Он, как всегда, философствует. Он размышляет о высоких и сложных материях, о проклятой природе неравенства, о жестокости унижения, размышляет трезво и глубоко:
«Если бы у людей не было никаких потребностей, одно это сделало бы их равными. Именно нищета подчиняет одного человека другому. Но истинное зло не в имущественном неравенстве. Оно – в зависимости. Какое дело человеку среднего достатка до того, что есть люди богаче него? Что крайне тяжко, так это – быть ими порабощенным…»
Между тем какие-то тайные силы действуют в Комитете общественного спасения. Ещё до того, как он отправляет ему свое изумительное послание. Он рекомендует другому Комитету, который занимается законодательством, «включить в первую же повестку дня вопрос об исключении Бомарше из списка эмигрантов, поскольку всякая проволочка в этом деле наносит ущерб интересам Республики!»
В самое неподходящее время! Конвент распускается двадцать шестого октября 1795 года. К власти приходит шаткая, бесцветная и продажная Директория. Тем не менее бывший председатель бывшего Комитета общественного спасения продолжает за него хлопотать. Он направляет письмо одному из директоров:
«Я никогда не перестану думать и повсюду заявлять вслух, что преследование гражданина Бомарше несправедливо и что вздорная идея выдать его за эмигранта могла возникнуть только у людей ослепленных, обманутых или злонамеренных. Его способности, его таланты, все его средства могли быть использованы нами. Желая навредить ему, больше навредили Франции. Я хотел бы иметь возможность выразить ему, до какой степени был огорчен несправедливостью, объектом которой он стал.
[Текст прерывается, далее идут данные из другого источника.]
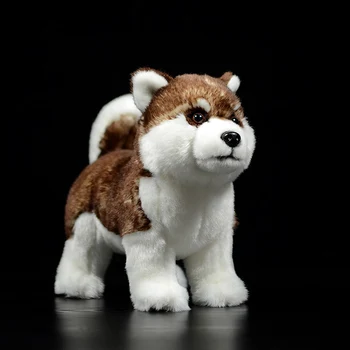 סימולציה הכלב בובה חמודה חום האסקי סיבירי רך החיים האמיתיים זאבת familiaris, פרווה של חיות קטיפה דגם צעצוע לילדים מתנת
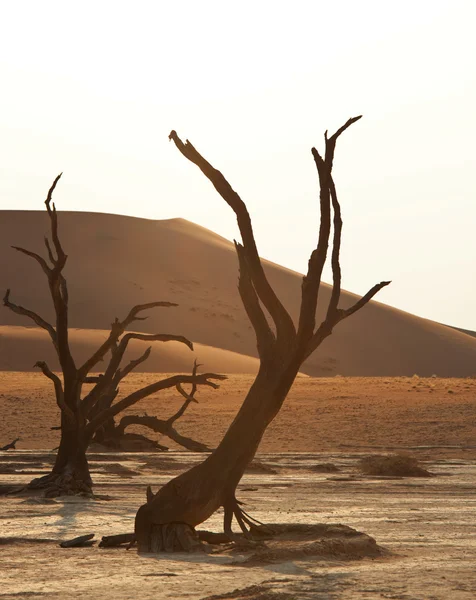 Árbol seco en desierto de Namib —  Fotos de Stock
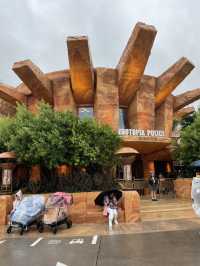 Disneyland Shanghai: Playing, learning and shopping 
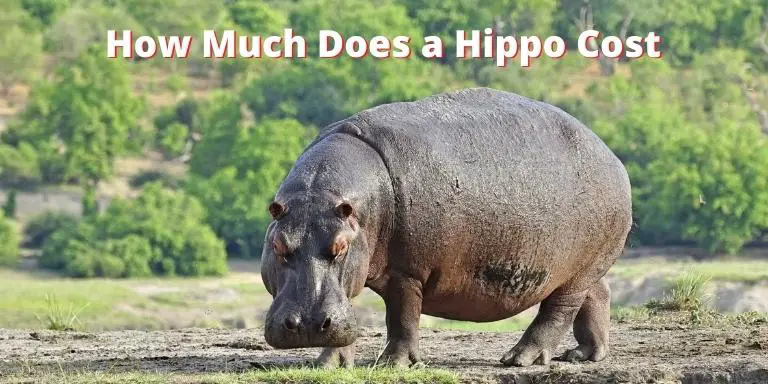 How Much Does a Hippo Cost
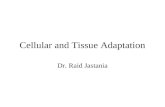 Cellular and Tissue Adaptation Dr. Raid Jastania.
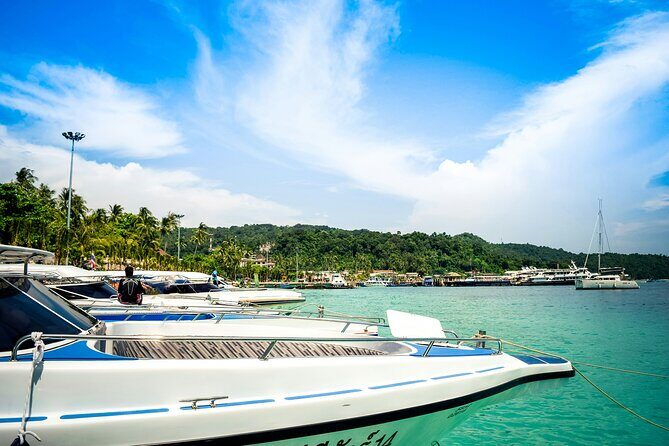 Bay of Islands Hole in the Rock Cruise Day Tour - Who Should Consider This Tour?
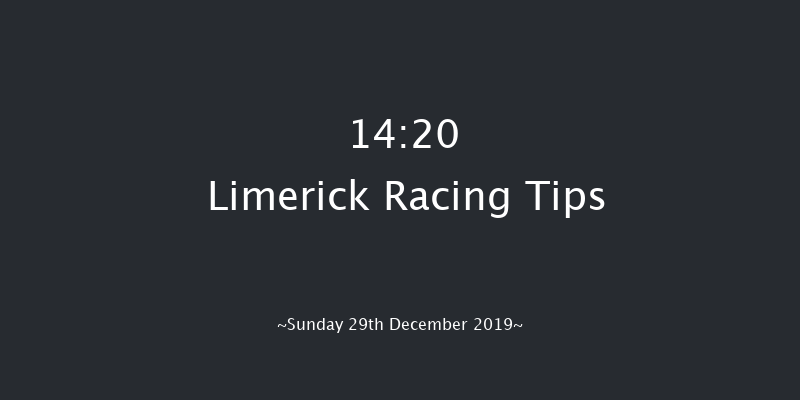 Limerick 14:20 Maiden Hurdle 19f Sat 28th Dec 2019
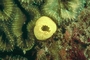 Yellow Sponge picture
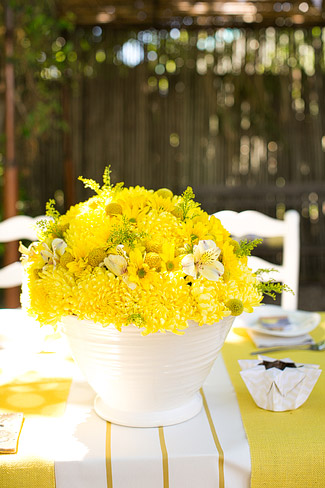 Quirky Yellow Outdoor Wedding, Riebeek Kasteel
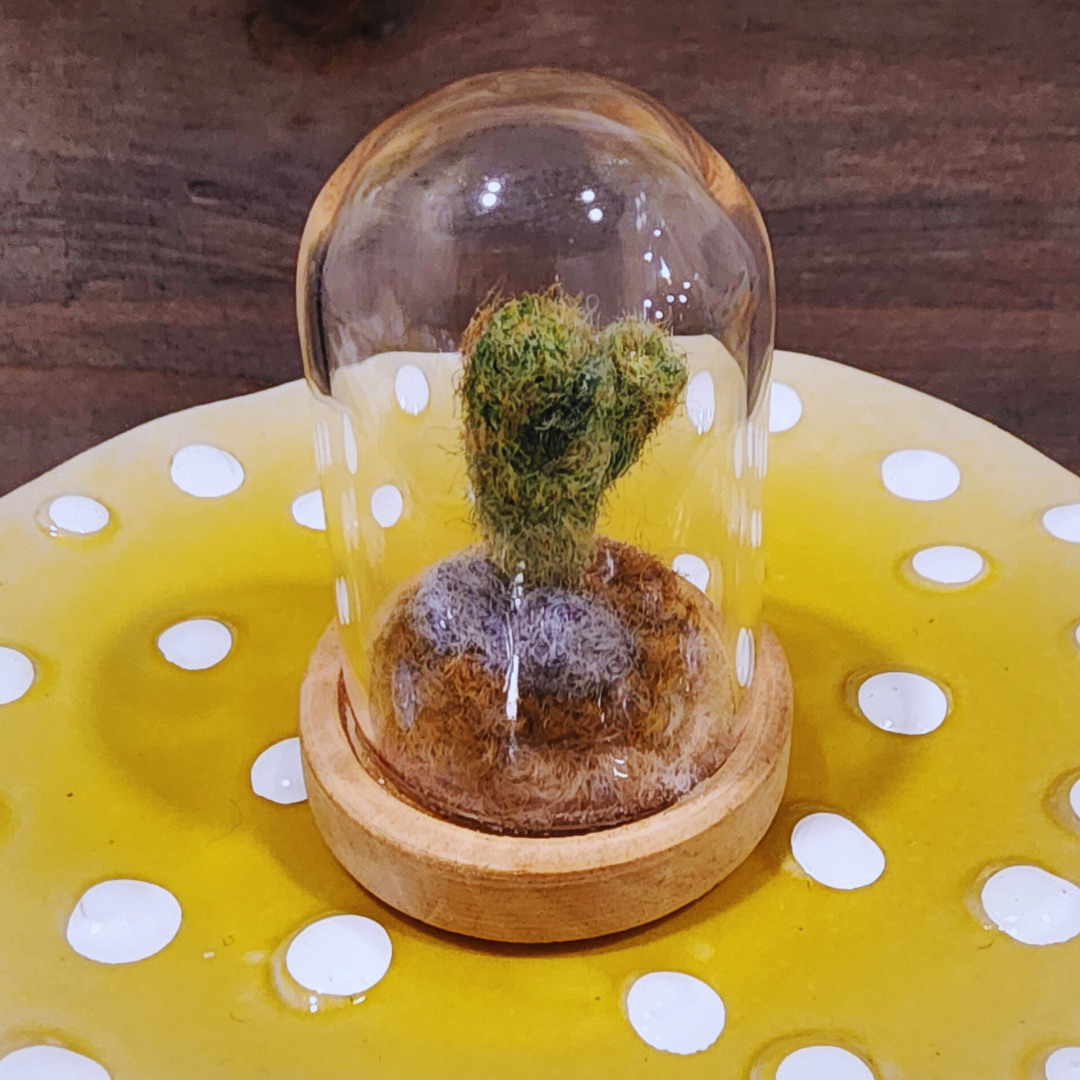 A handmade needle-felted Saguaro cactus terrarium in a glass dome, sitting on a light wood base.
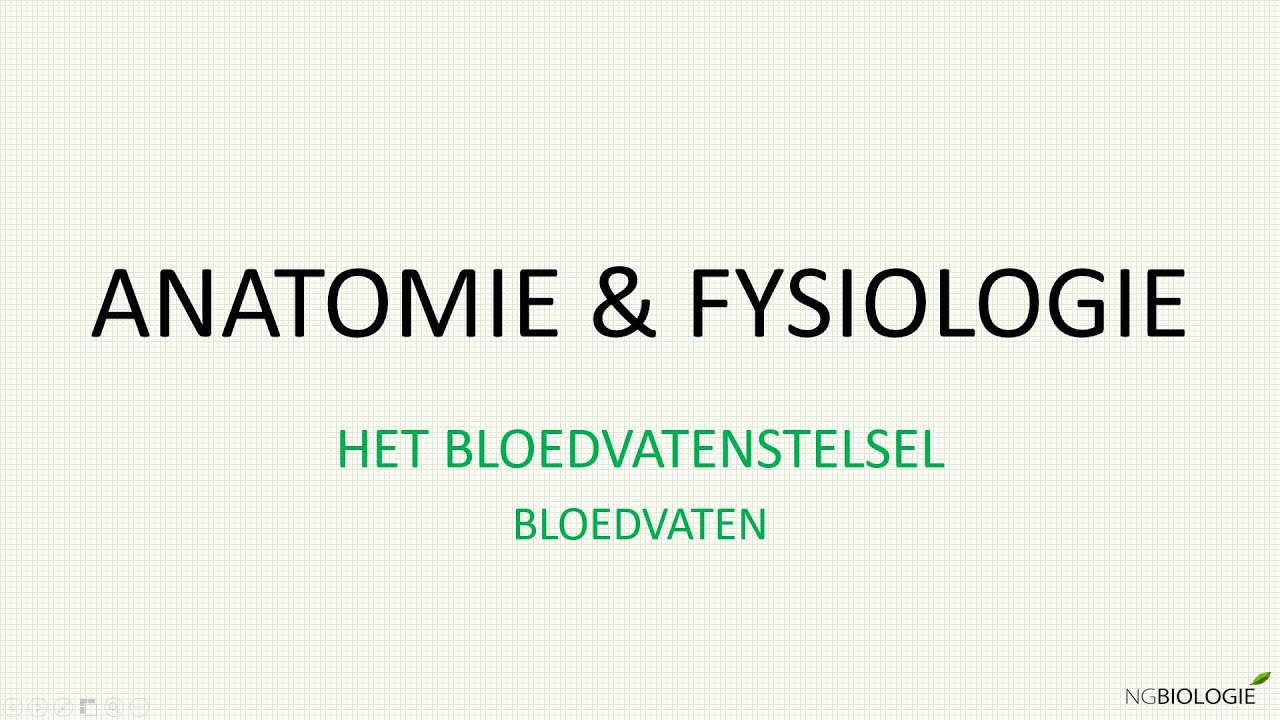 Bloedvaten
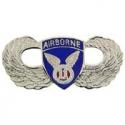 11th Airborne Wing Pin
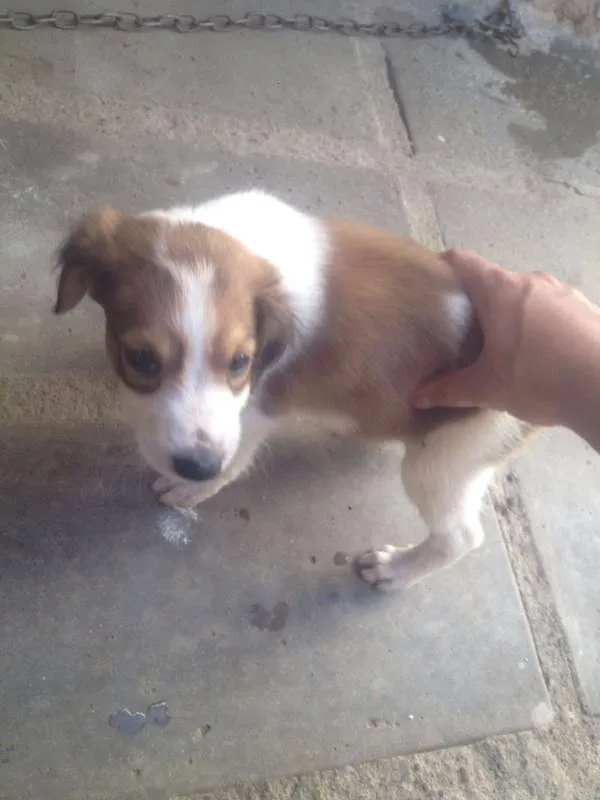 Cachorro ra a SRD idade Abaixo de 2 meses nome pequenos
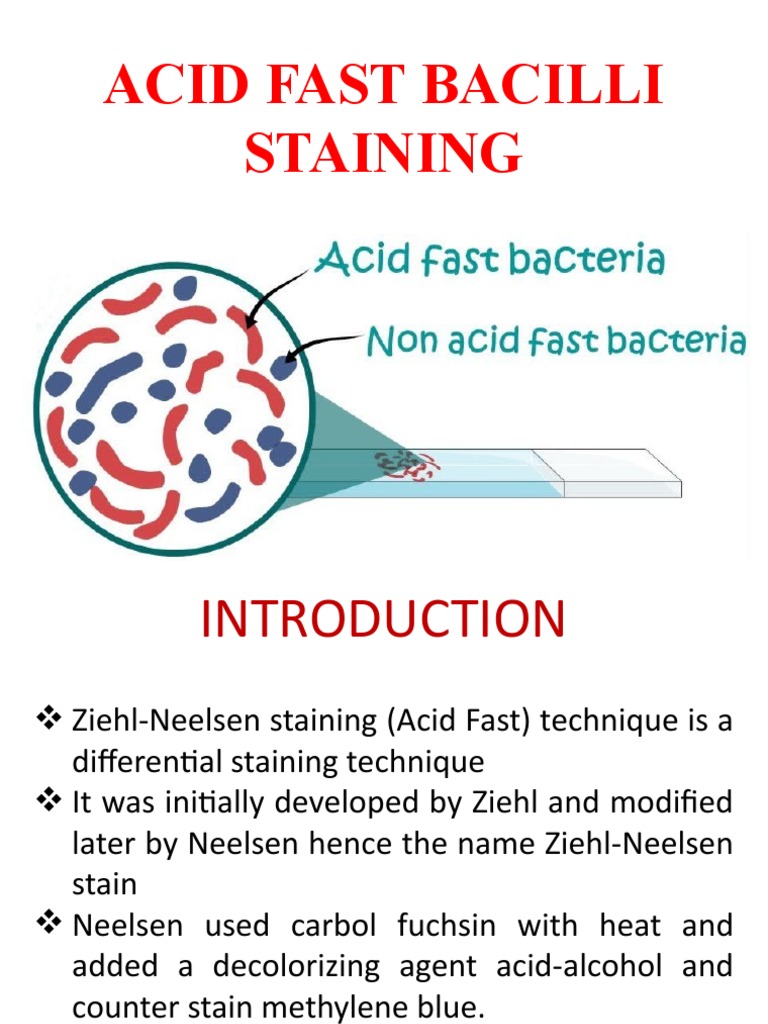 microbe-notes-ziehl-neelsen-technique-afb-stain-staining-43-off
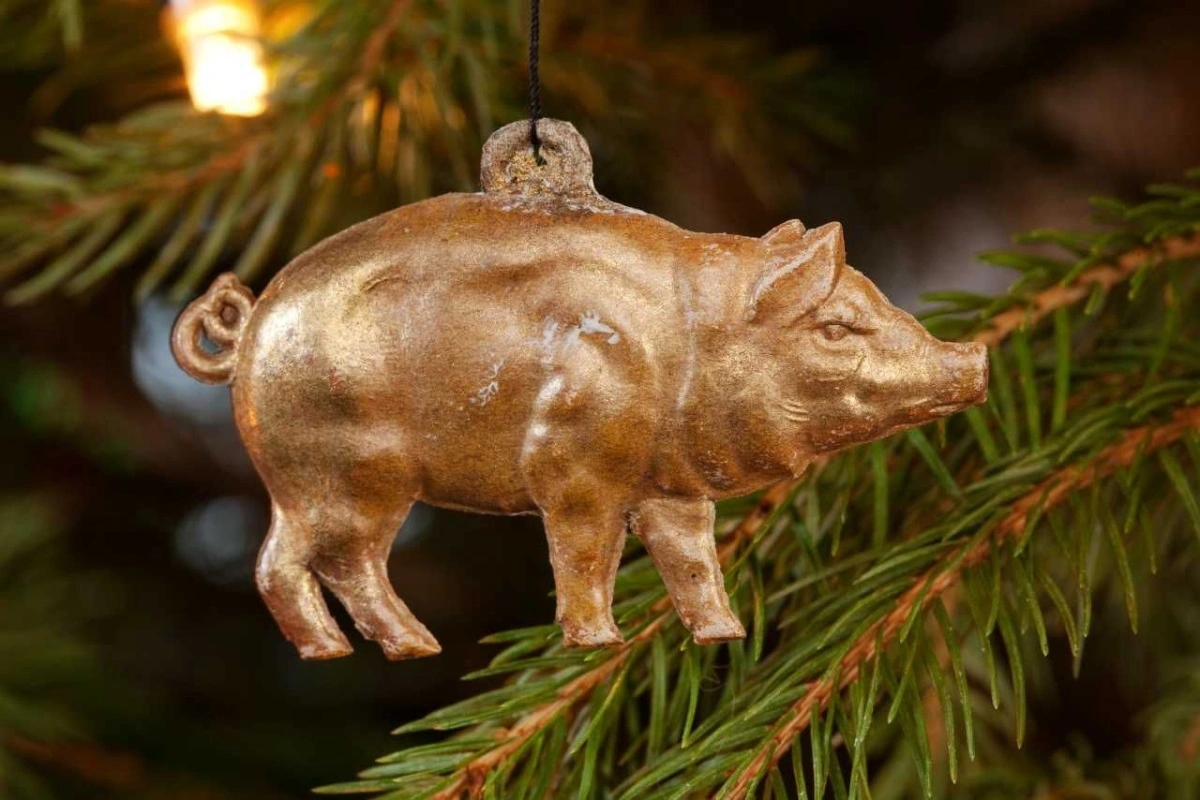 I dag spiser mange i Norden gris til jul, og sådan har det været længe. Når vikingerne fejrede deres vinterfest Jól, ofrede de en stor gris til guderne.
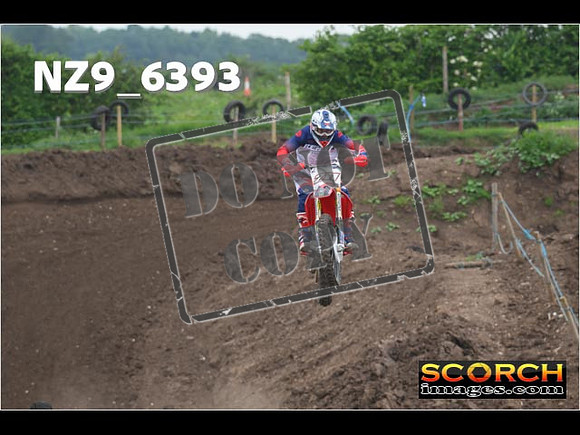 Experts-206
Я исполняю свой долг, думая о нем, и исполняю это долг с удовольствием…»
В его способностях, в его талантах нуждается Франция? Чудеса в решете! Не знаю, каким образом эти мошенники термидорианского переворота намереваются использовать их, но десятого июня 1796 года его вычеркивают из проскрипционного списка и тем возвращают свободу. Он узнает об этом ровно месяц спустя.
Так в путь! Ямщик, гони лошадей!
«Три дня несказанной радости за три года долгих страданий, а потом я готов умереть…»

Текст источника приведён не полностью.